Синохара и Юкитомо играли в го. Тон у Синохары был самый обычный, спокойный. Юкитомо кивнул.
— Томо гордится своим здоровьем. Она бежит от докторов, как от чумы. Так что уж ты сам, Синохара, будешь её уговаривать. Да, это будет весьма кстати, если доктор Инэдзава придёт её осмотреть…
Синохара добился желаемого — Юкитомо попался в расставленные сети. Но, по правде сказать, он был сам не своей из-за внезапной болезни жены. Его потряс рассказ Суги о том, как несколько дней назад, в метель, Томо вернулась домой вся в снегу и буквально вползла в дом. Сам он этого не видел, однако ужасная картина живо стояла перед глазами. Доктор Инэдзава был близким другом и однокашником Синохары и считался светилом в медицинских кругах. Как только стало известно, что он приедет к Томо, постель больной тотчас перенесли в одну из лучших комнат дома, и Юкитомо, обожавший показуху, заказал в дорогом магазине на Нихонбаси роскошный шёлковый комплект тёплых одеял и ночного кимоно.
— Что-то слишком много шума и суеты, — опасливо шептались слуги, — плохая примета… Как бы чего дурного не вышло…
Их страхи были не напрасны. Доктор Инэдзава, осмотрев больную, поставил страшный диагноз: атрофия почек, неизлечима. Прогрессирует уремия. Медицина бессильна. Осталось самое большее месяц.
— Так всё и вышло… Матушка словно чувствовала… — простонала Эцуко, услышав новость от мужа. Она привыкла к мысли, что мать всегда здорова, что с ней ничего не может случиться. Слушая Томо несколько дней назад, она не могла поверить своим ушам: такого просто не может быть! Однако теперь приходилось признать, что всё обстоит именно так, как говорила Томо, и страшная реальность наваливалась на Эцуко с чудовищной неотвратимостью.

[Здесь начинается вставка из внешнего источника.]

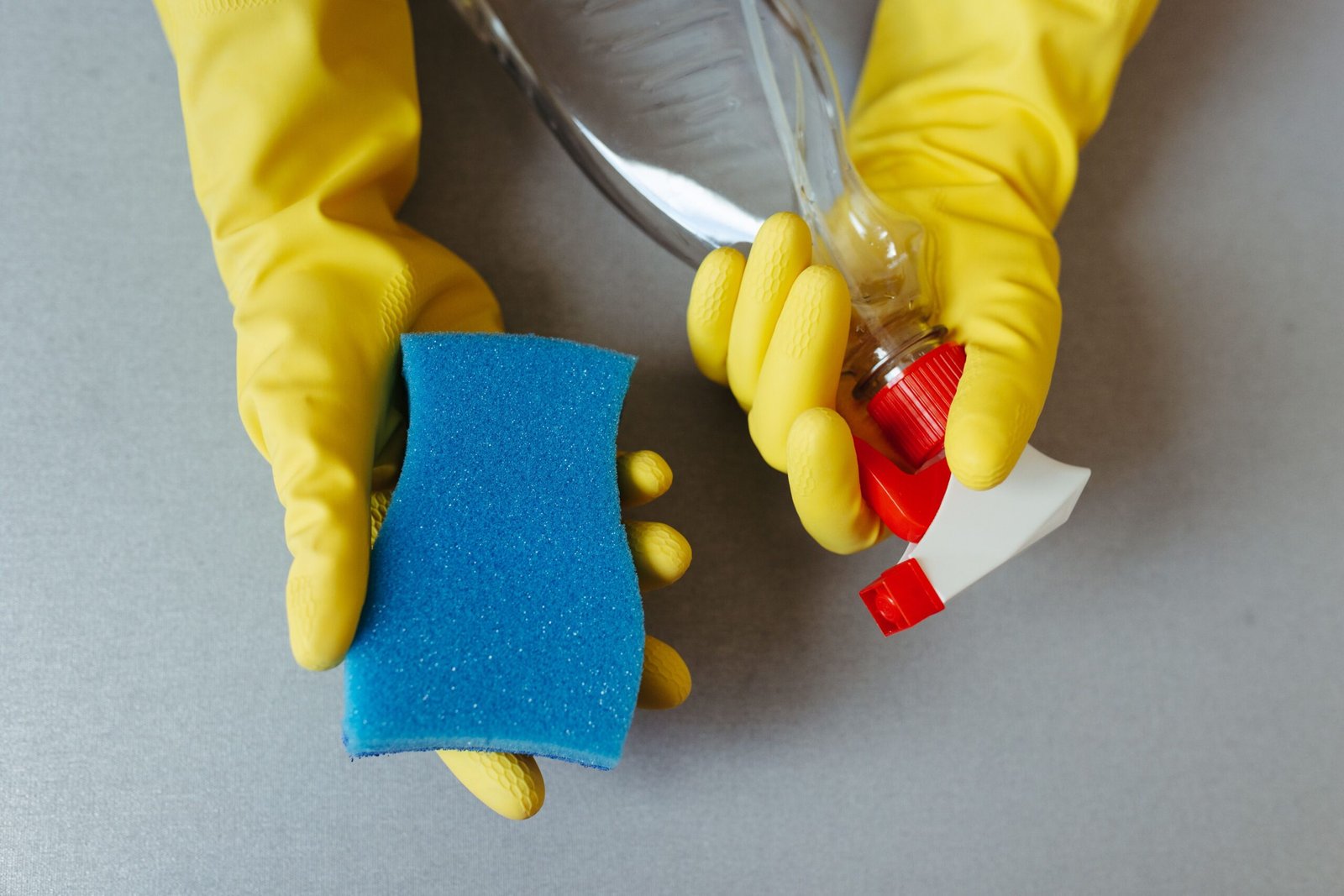 Cleaning gloves and supplies used to safely clean a water softener resin tank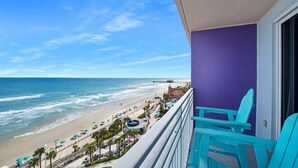 A balcony with turquoise chairs overlooking a beach with umbrellas and palm trees.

— Как ты думаешь, когда мы скажем отцу диагноз… Нам следует сообщить, о чём просила матушка?
— Да, думаю, что это будет самый подходящий момент. Нужно всё рассказать в тот же день. Дело серьёзное, он не сможет просто так отмахнуться.
— Подумать только, матушка на двенадцать лет моложе отца… Это она должна была пережить его! — Из глаз Эцуко брызнули слёзы. Да, мать всегда была слишком строга и требовательна, она никогда не баловала Эцуко, однако сам факт её существования вселял в Эцуко уверенность в жизни, — словно её защищали от мира стены незыблемой крепости. Перспектива внезапной утраты душевного равновесия приводила Эцуко в отчаяние.

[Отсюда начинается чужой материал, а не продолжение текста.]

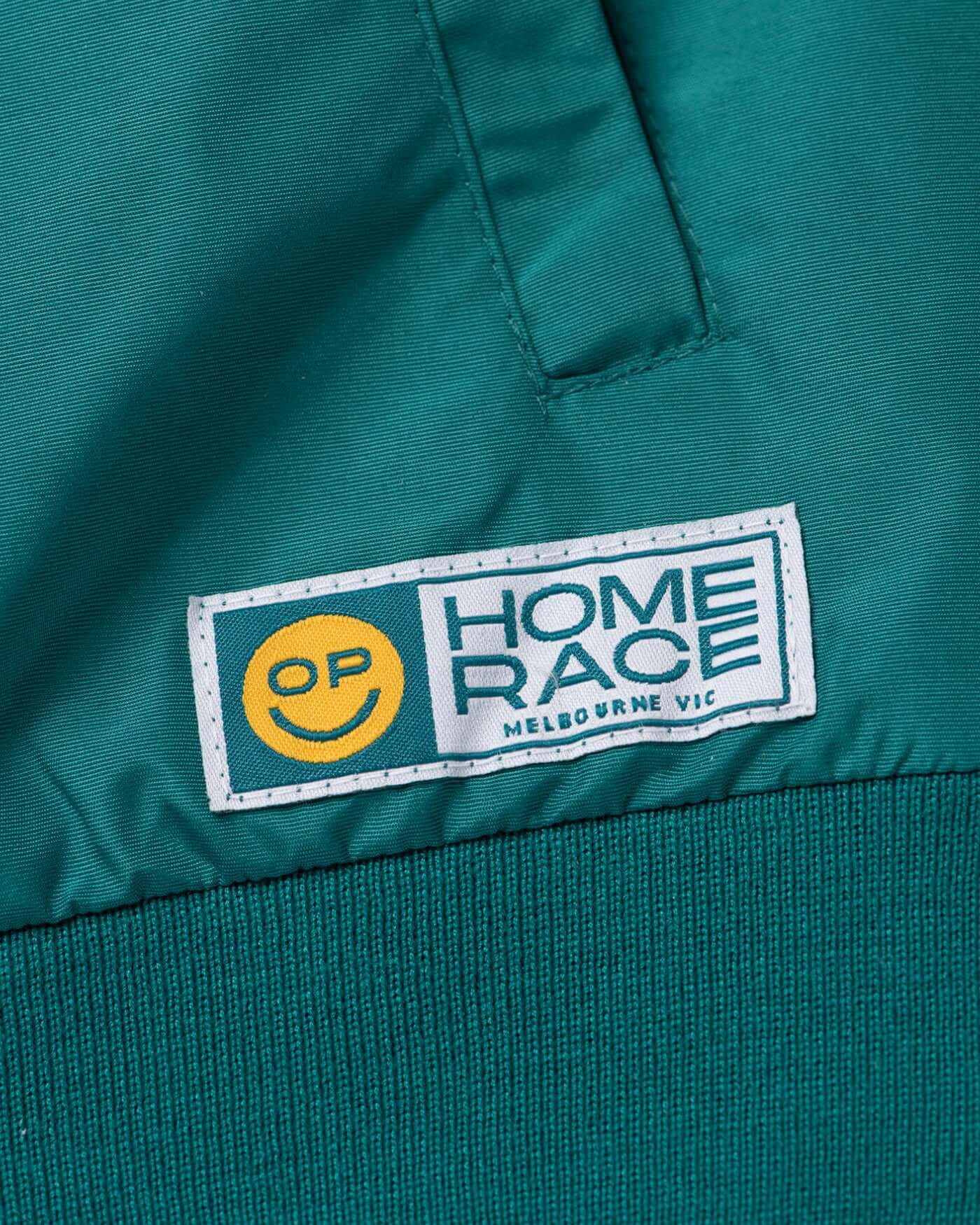 Detail of the Home Race '26 Race Jacket showcasing OP logo and vibrant green fabric.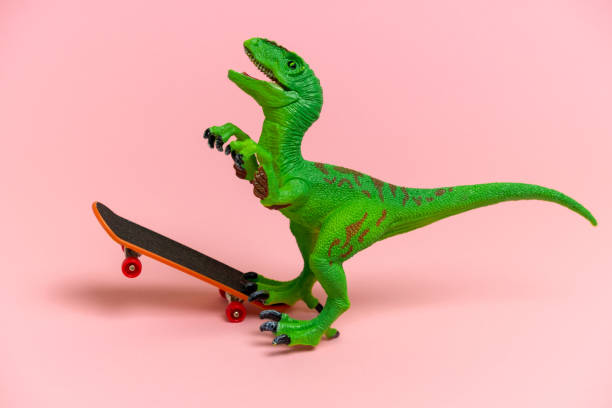 istock cute  green dinosaur toy  with skate 1200537169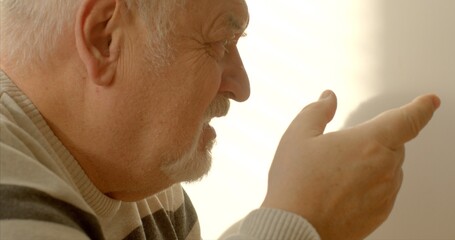 Face close-up. An elderly man engages in effective communication through nonviolent communication,...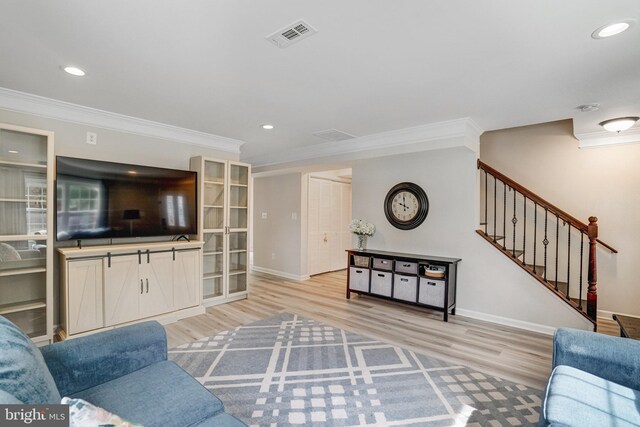 6022 Rixey Dr, Alexandria, VA 22303 - living area with ornamental molding, light wood-type flooring, stairs, and recessed lighting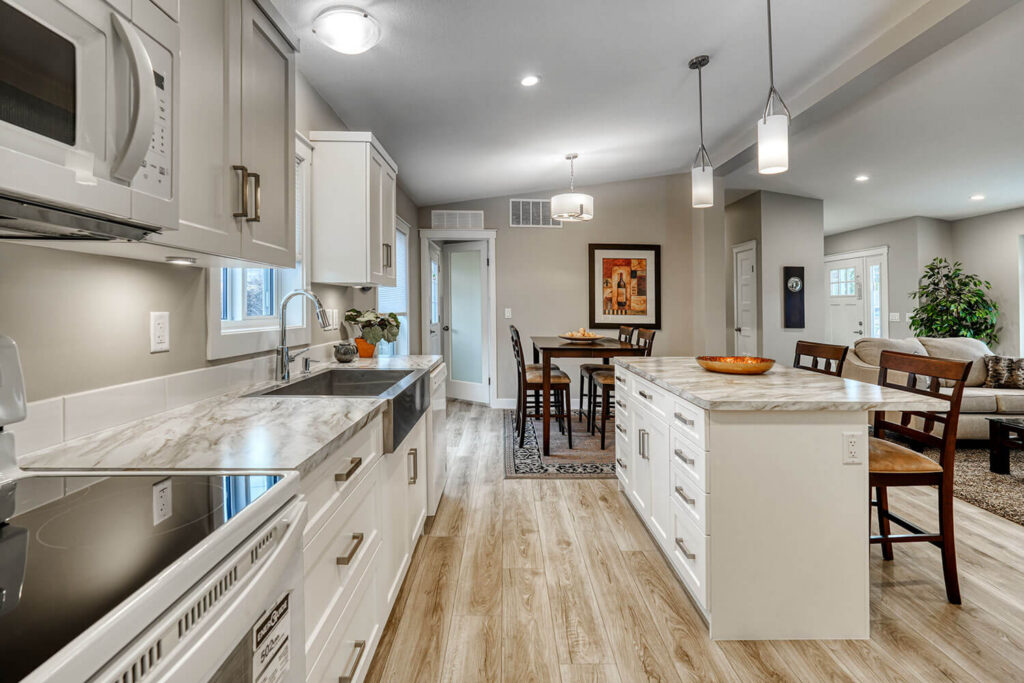 White kitchen with island, open to dining area, stainless appliances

Синохара сообщил Юкитомо, что Томо обречена, и добавил, что она пожелала знать горькую правду. Юкитомо кивнул.
— Хорошо. Я сам скажу ей об этом.
Эцуко молча плакала, опустив глаза. Синохара обнял её и вывел в коридор. В комнату бесшумно вошла Суга.

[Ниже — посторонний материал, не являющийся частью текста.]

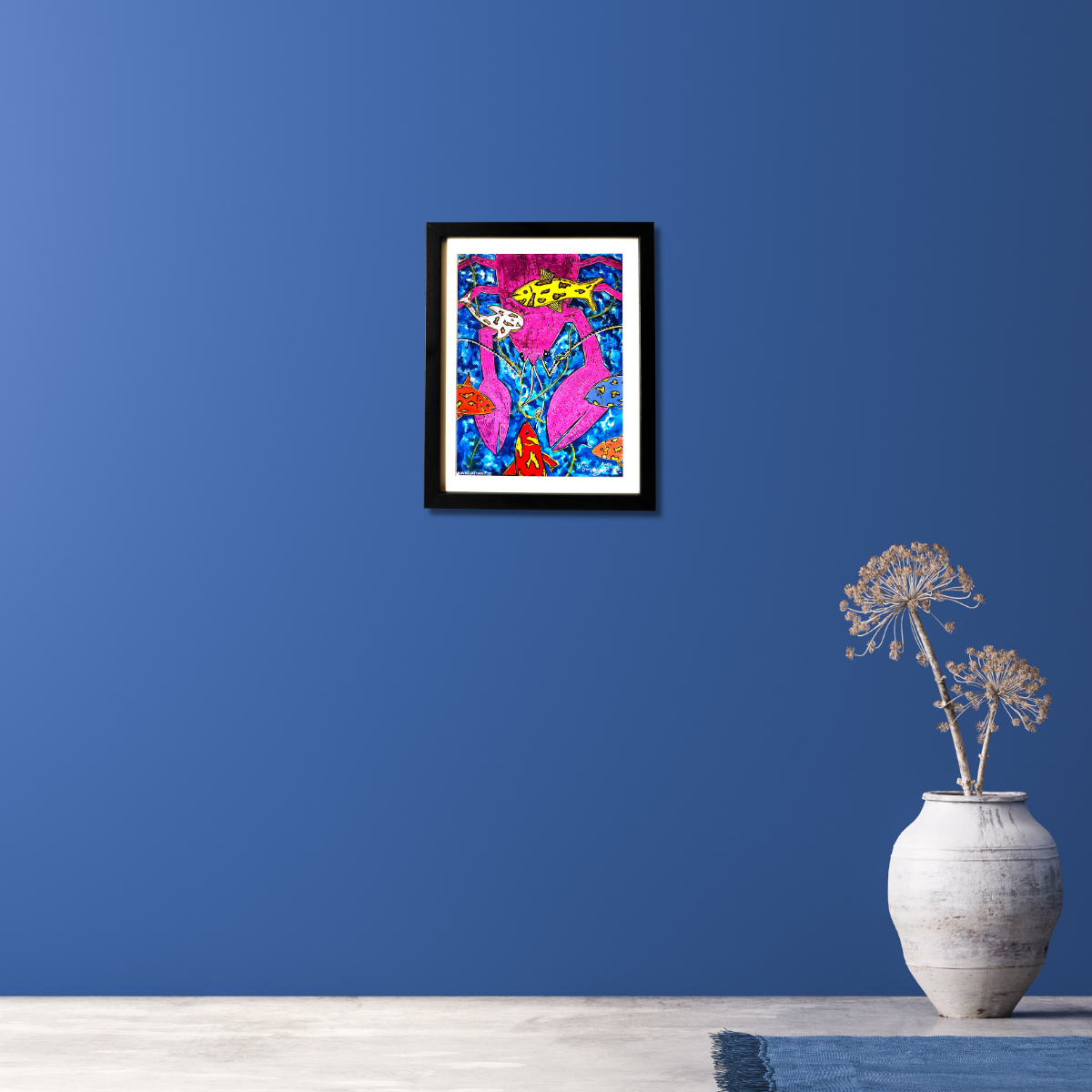 Framed colorful abstract painting on a blue wall with a vase of dried flowers below.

— Отец, госпожа Синохара плачет… Как наша госпожа?
— Говорят, очень плохо.
— А что с ней? Что именно плохо? — Суга подползла на коленях поближе и пытливо заглянула Юкитомо в лицо. Его профиль был едва различим в полутёмной комнате. Юкитомо отвёл глаза и отвернулся.
— Нет, не может быть… Госпожа всегда была такой крепкой… Нет, нет, я не верю!..
Юкитомо не ответил ничего, только покачал головой.
Необычайно жаркое для зимы солнце разбудило росшую в саду белую терносливу, и на ней набухли почки. Томо лежала в комнате, выходившей на юг. Чёрная тень от освещённого солнцем дерева отпечаталась на белых, полупрозрачных сёдзи, словно рисунок тушью. Томо уже не могла выпить чашки супу или молока — еда тотчас же извергалась обратно. Последнее время тошнота подкатывала к горлу от одного запаха пищи. И даже когда она ничего не ела, её всё равно мутило.